The transformation sees the retailer, which is currently up for sale, running workloads on Google Cloud Platform and on private on-premises Google Cloud servers running VMware, as well as some utility workloads on Amazon Web Services, the CTO says. While the company’s current on-premises cloud uses a comprehensive suite of tools, including Qlik for advanced analytics and data visualization, Kohl’s long-term plan for data is all about Google BigQuery, Gaffney says.

“Four years ago, we started focusing on BigQuery as our primary data environment,” a decision Gaffney says he inherited. Kohl’s has since built a sophisticated data science practice around the Google platform, with most of the retailer’s critical data, including customer, product, and business performance views, now residing in that modernized data environment.
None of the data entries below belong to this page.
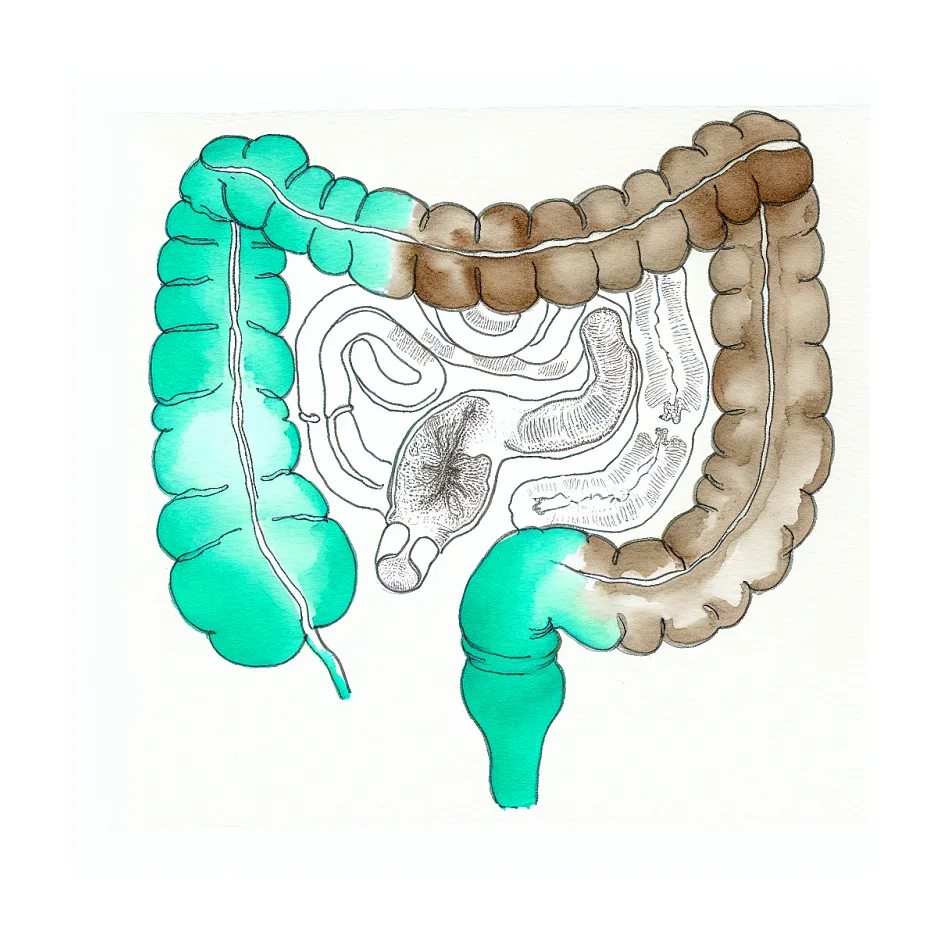 علت مدفوع سیاه و شل در کودکان و جیغ هنگام دفع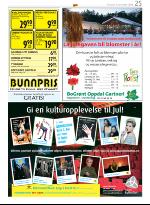 opp-20081204_000_00_00_025.pdf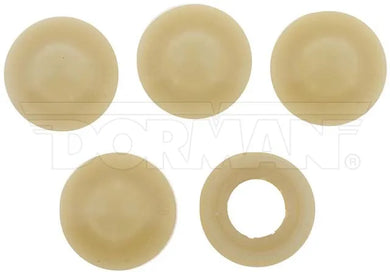 WIPER LINKAGE BUSHING | 49448-DORMAN-Autoignite NZ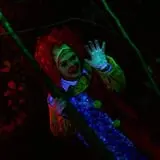 The Haunted Acres photo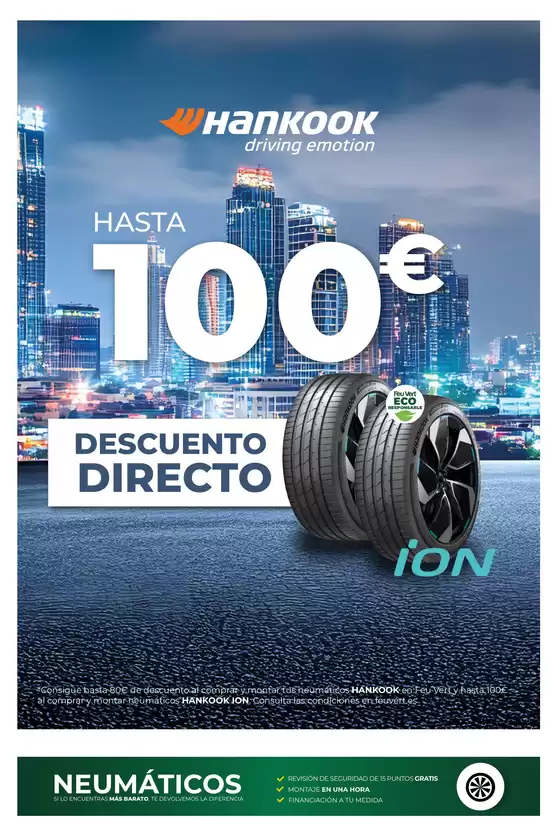 Del 31 de julio al 27 de agosto de 2025 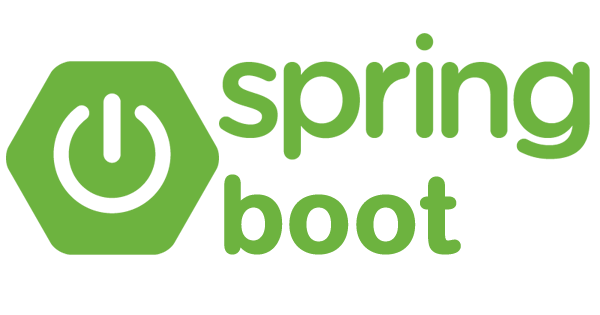 spring-boot-logo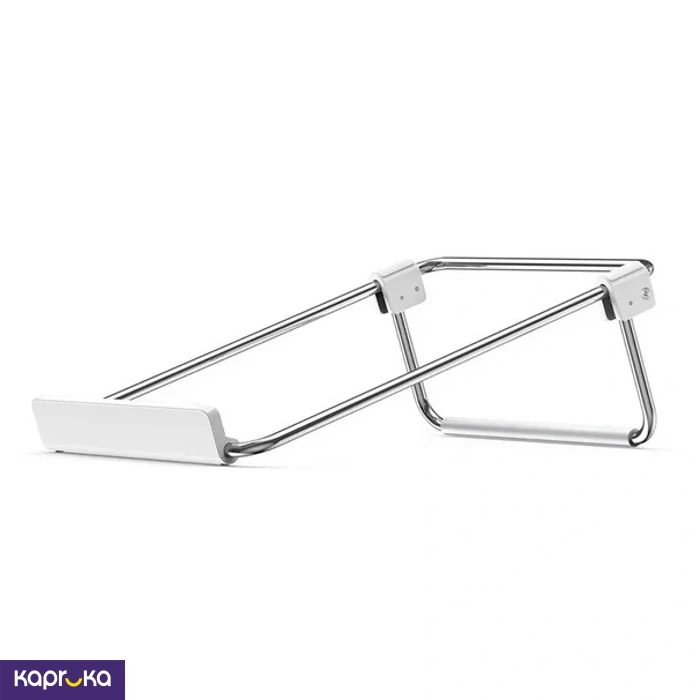 Computers and Accessories ef_pc_elec0v2716pod00132p in Sri Lanka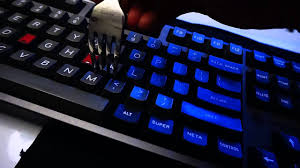 How do you remove a keyboard from a laptop? Free And Fast Way To Remove Keycaps On Mechanical Keyboard Youtube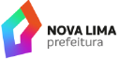prefeitura de nova lima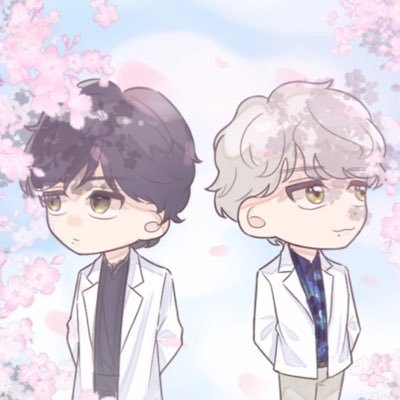 ねめきさんのプロフィール画像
But Gaffney is far from finished.

“We’ve got about two more years to go to get to a place where I would describe us as a fully data-native organization, using automated decision processes instead of using data just augmenting human decision processes,” says Gaffney.
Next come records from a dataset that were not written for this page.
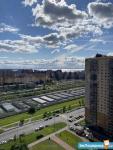 квартиры в питере на длительный срок без посредников. thumb bb3e5c. квартиры в питере на длительный срок без посредников фото. квартиры в питере на длительный срок без посредников-thumb bb3e5c. картинка квартиры в питере на длительный срок без посредников. картинка thumb bb3e5c.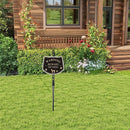 5740130279220fea17b2102041499703501c91dcf54f81f7f9fdf6f7dfd78b4d20202f123014122c4138559032363535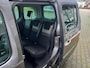 Renault Kangoo 1.2 TCE LIMITED S&amp;S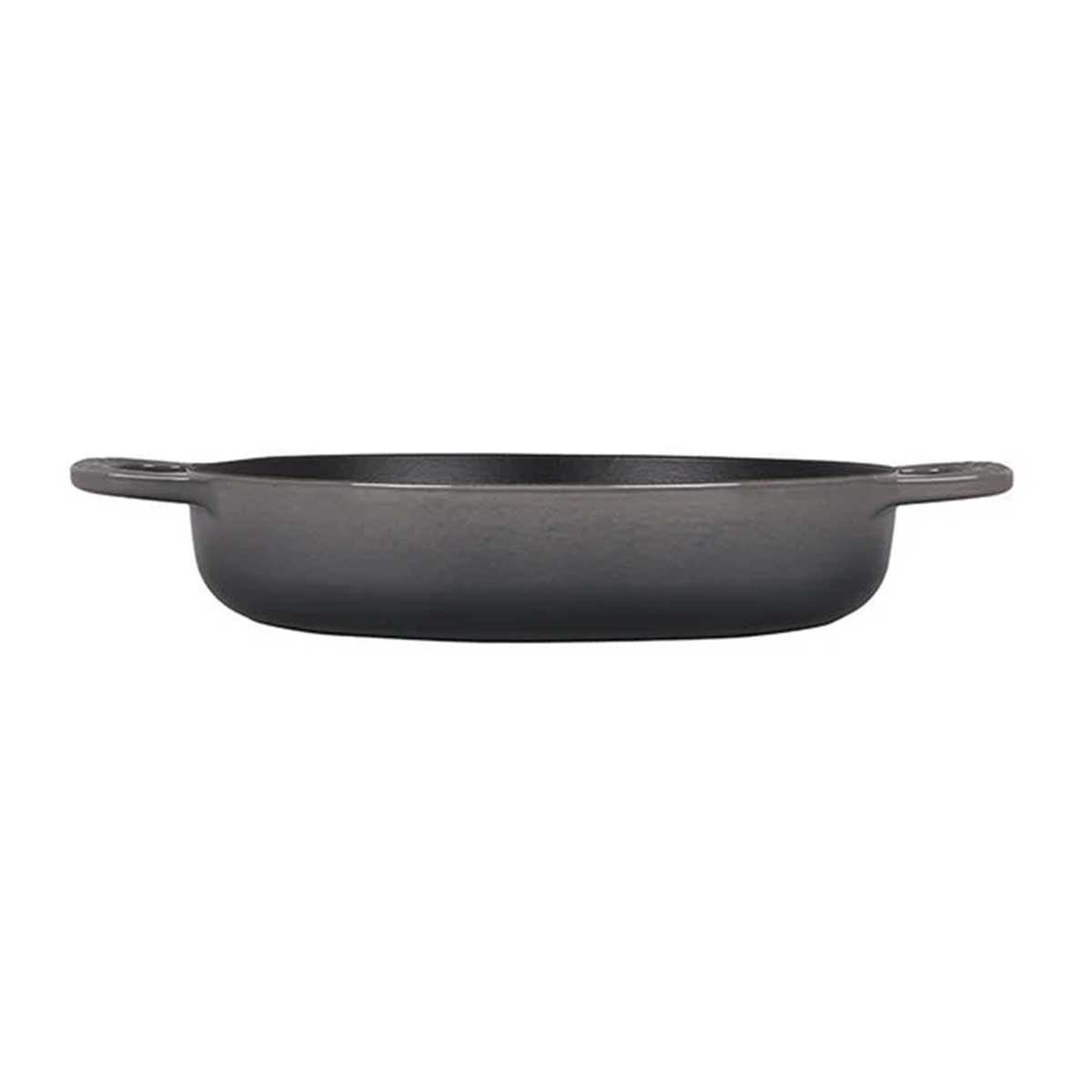 Le Creuset Everyday Pan in Oyster - 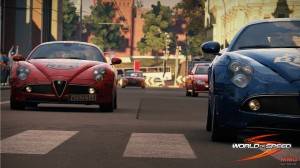 My.com gamescom 2014 GS9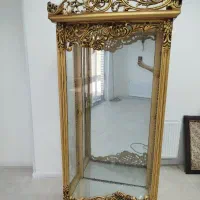 ویترین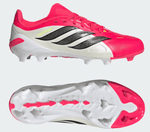 Predator League FG-19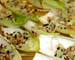 endives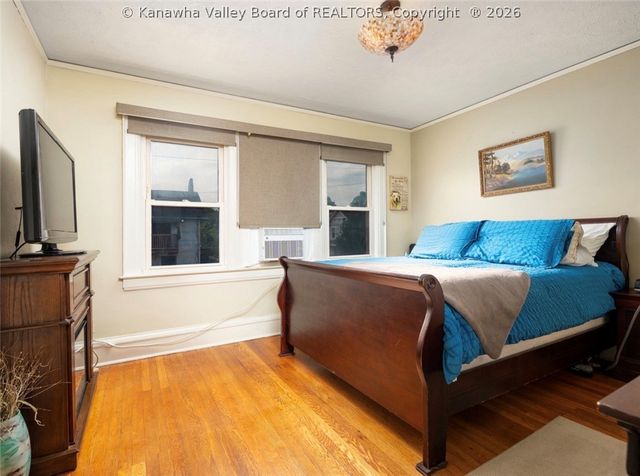 417 Beauregard Street, Charleston, WV 25301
Key to that push is a strategy to make the most of machine learning and third-party data in service of customer personalization and the “hyper-localization” of merchandising decisions, Gaffney says.

The power of third-party data

Kohl’s, which employs 1,000 people in its IT organization, including 50 data scientists, started its data automation push 18 months ago. Currently, the chain’s ample collection of first-party customer data as well as licensed third-party data sets are being migrated to BigQuery to apply advanced machine learning models and enhanced personalization technology to bolster sales, Gaffney says.

Like many retailers, Kohl’s also uses publicly available machine learning models on the Google platform and has used Google’s Vertex AI platform. The retailer also licensed a data set called Demand Brain from Deloitte focused on consumer demand, comprehension, and forecasting, says Gaffney, explaining that all the big consulting firms have data subscription products and ML engines available for licensing.

Gartner analyst Erick Brethenoux says use of consultant data and ML models is gaining steam, especially among retailers.

“Many organizations employ third parties to build models for them,” Brethenoux says, noting that consulting firms also use third-party data sets to pre-build models to embed in client systems or, in rare cases, use both their own technology and their own data to build models for retailers and other clients.

Kohls, for example, has licensed a platform from Deloitte called InSightIQ and is working with another partner, Axiom, to enhance its first-party data with other data sets. Working with partners is essential for distinguishing what data signals are useful and what is noise, Gaffney says.

“One of the most interesting things in the technology landscape right now is the proliferation of these syndicated third-party data sets,” he says.

For example, Kohl’s uses a combination of customer spending algorithms to predict the next best offer to a customer based on their recent purchases. Much of that is based on first-party data of Kohl’s customers online and in stores. But now, to learn more about their loyal customers, Kohl’s can employ licensed third-party data sets to gain valuable information about a customer’s employment or recreational activities, for example.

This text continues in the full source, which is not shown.